Oliver North's former White House boss testified Friday that James A. Baker III suggested to then-President Reagan in 1984 he could be impeached for allowing solicitation of money from other countries for the Nicaraguan Contras.

The suggestion by Baker, Reagan's chief of staff and President Bush's secretary of state, was strongly countered by others in a meeting with Reagan. They concluded that Baker was wrong, former national security adviser Robert McFarlane testified.Still, Reagan said "we'll all be hanging by our thumbs" if word got out that McFarlane or other administration officials were indeed seeking help from abroad at a time that Congress had forbidden direct U.S. aid to the Contras, according to minutes of the meeting read into the court record.

McFarlane, testifying at North's trial, said Reagan knew in 1984 that arrangements had been made to get $1 million a month from Saudi Arabia for the the U.S.-backed rebels in Nicaragua.

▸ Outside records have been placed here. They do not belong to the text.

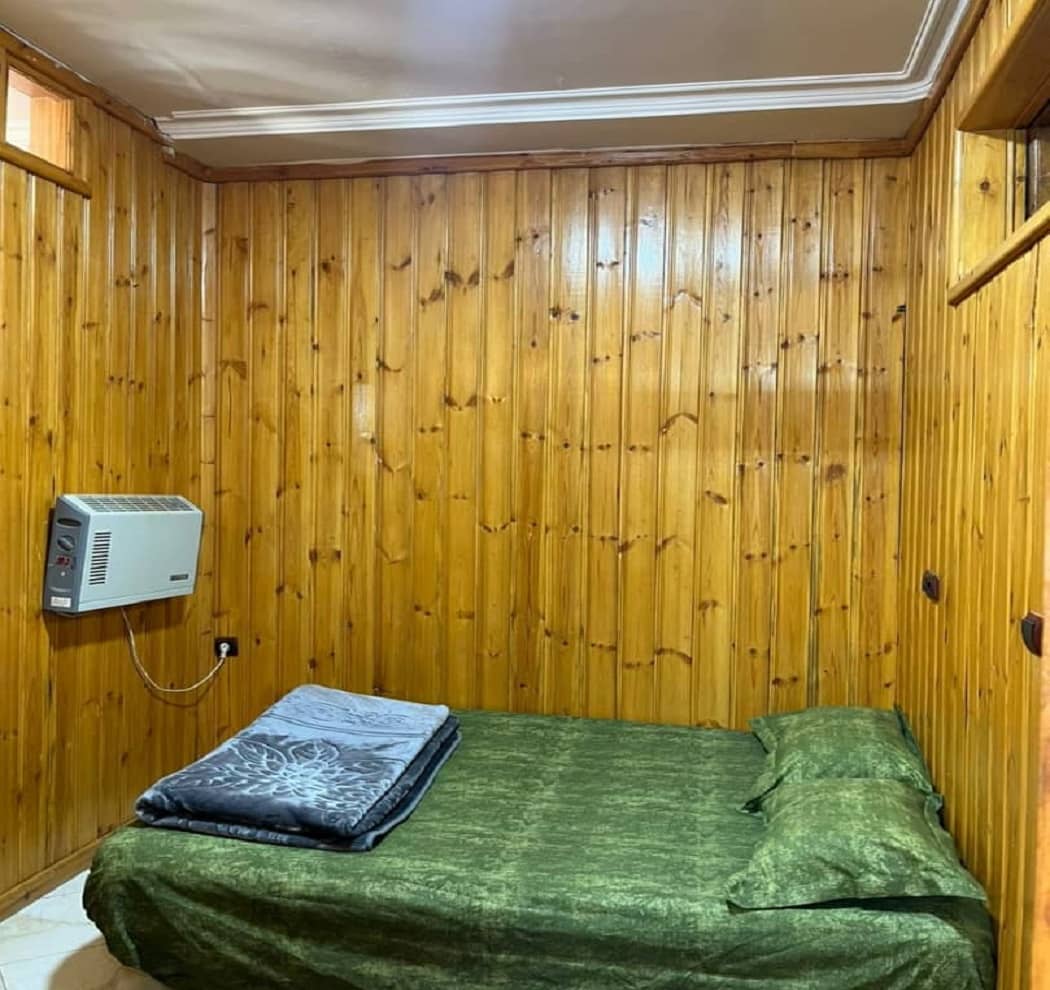 اجاره اقامتگاه سنتی جنگلی در ماسوله - آبشار 2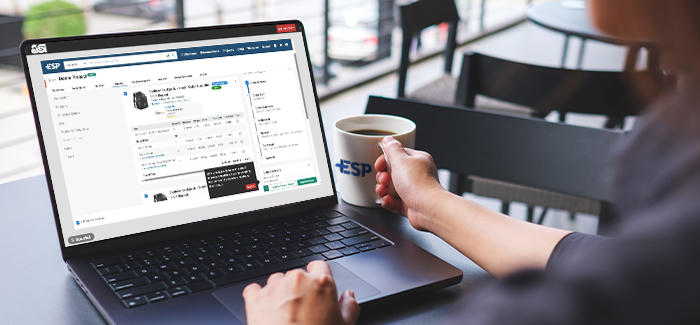 ASI Unveils New ESP+ Features to Help Distributors Accelerate Sales and Simplify Operations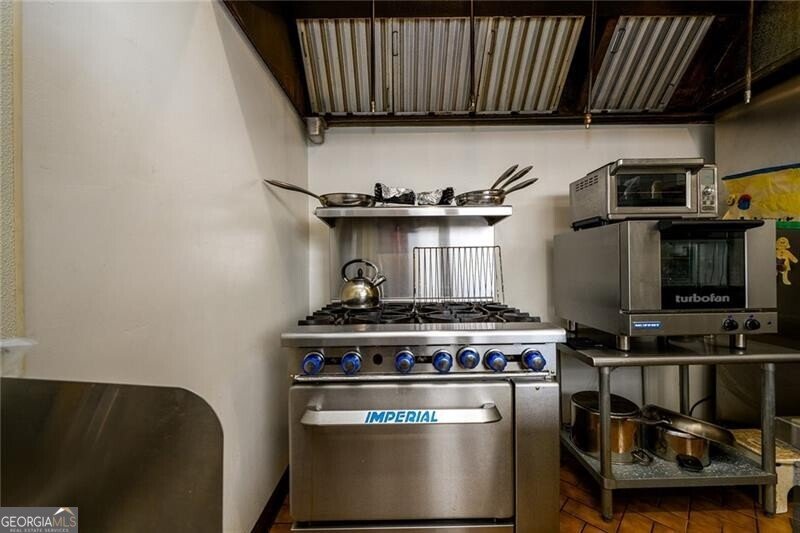 1526 Highway 255 Sautee Nacoochee - Photo 30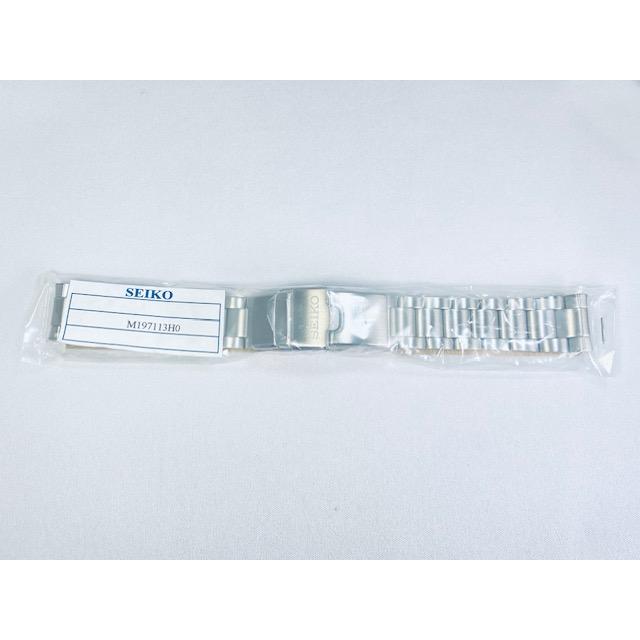 PROSPEX M197113H0 SEIKO プロスペックスダイバースキューバ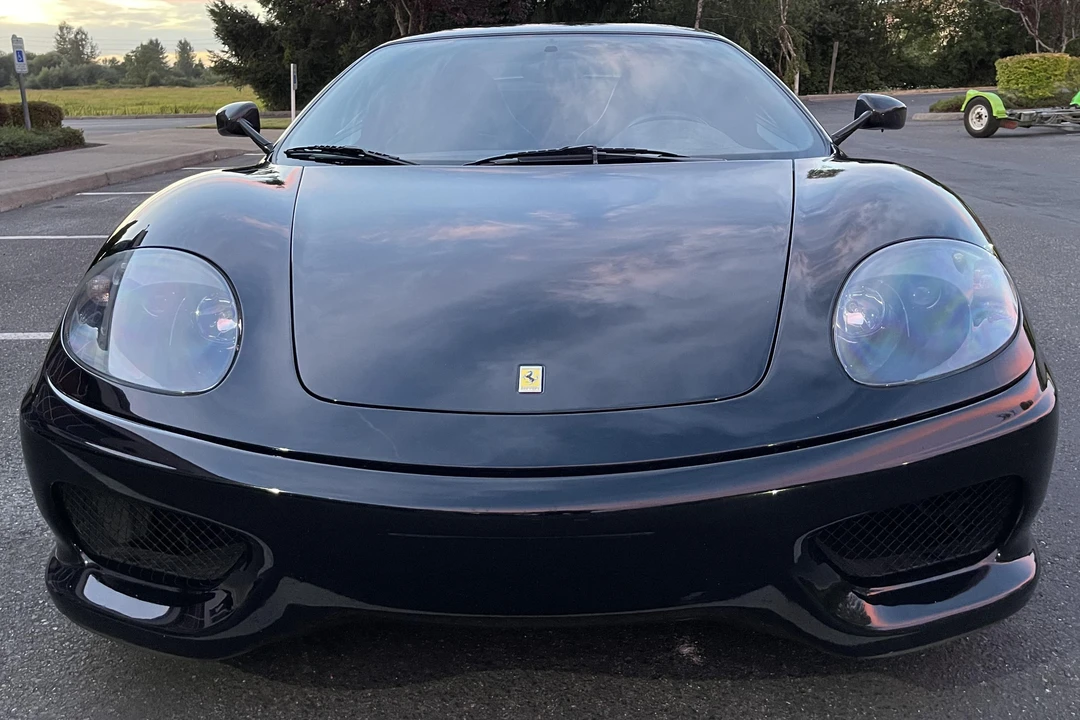 2004 Ferrari 360 Challenge Stradale - Image 2 of 31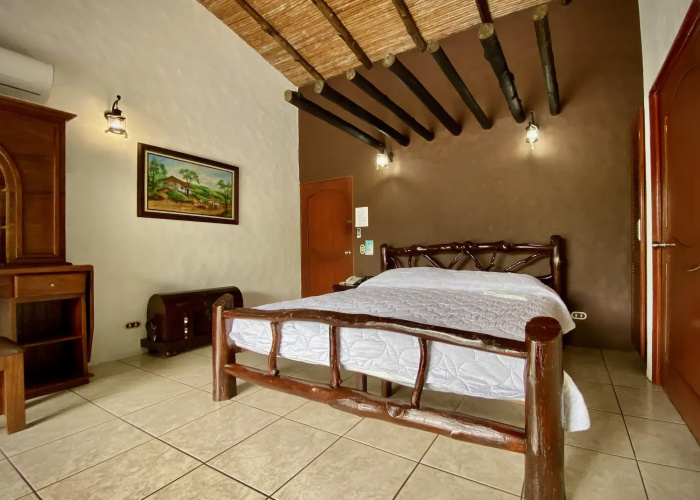 Hotel Mountain Paradise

"I told the president, I told Adm. (John) Poindexter, Colonel North knew of it," McFarlane said.

However, he testified later in the day that he himself had been unaware of various North activities that have been described by other witnesses in the trial and earlier in congressional hearings.

For example, McFarlane said he didn't know that North was involved in private fund-raising from wealthy donors, that it was North who decided how the money would be spent, or that North was instrumental in setting up a southern front for the guerrillas fighting the Nicaraguan government.

McFarlane testified he instructed North to do everything he could to keep the rebels functioning after the United States cut off official aid in 1984.

McFarlane's face reddened at the start of his testimony when he was asked by chief prosecutor John Keker, "Did you try to commit suicide?"

"Yes," said McFarlane, looking at the jury, "On Feb. 9, 1987." That was shortly before release of a White House-ordered report on the Iran-Contra affair and the beginning of congressional hearings.